Exercise goal
Start to finish, return the listing below exactly, pictures excluded.

Supplied material

------------------------------------------------------------------------

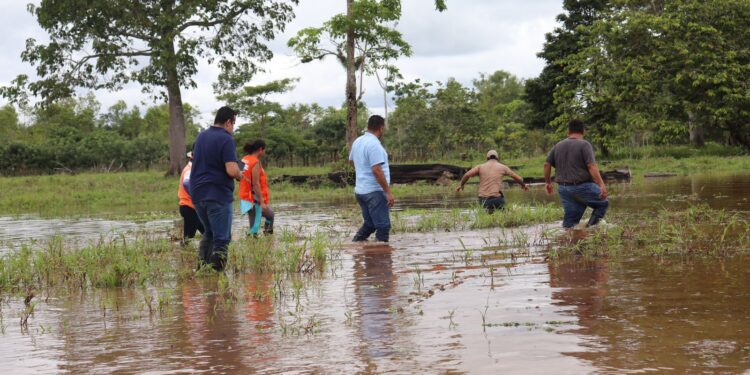 Visitan aldeas de Izabal afectadas por lluvias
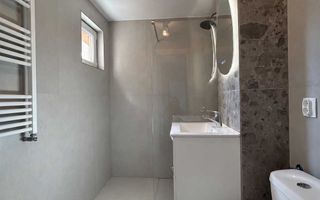 Vanzare apartament 3 cam(70mp), cu centrala termica, Lujerului, 2 min. metrou - Poză 2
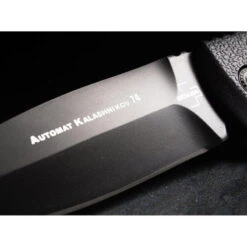 Couteau De Poche Couteau De Poche AKS74 Spear Point Boker Magnum -Échappée Nature couteau de poche couteau de poche aks74 spear point boker magnum 2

------------------------------------------------------------------------

Task answer
 Visitan aldeas de Izabal afectadas por lluvias
 Vanzare apartament 3 cam(70mp), cu centrala termica, Lujerului, 2 min. metrou - Poză 2
 Couteau De Poche Couteau De Poche AKS74 Spear Point Boker Magnum -Échappée Nature couteau de poche couteau de poche aks74 spear point boker magnum 2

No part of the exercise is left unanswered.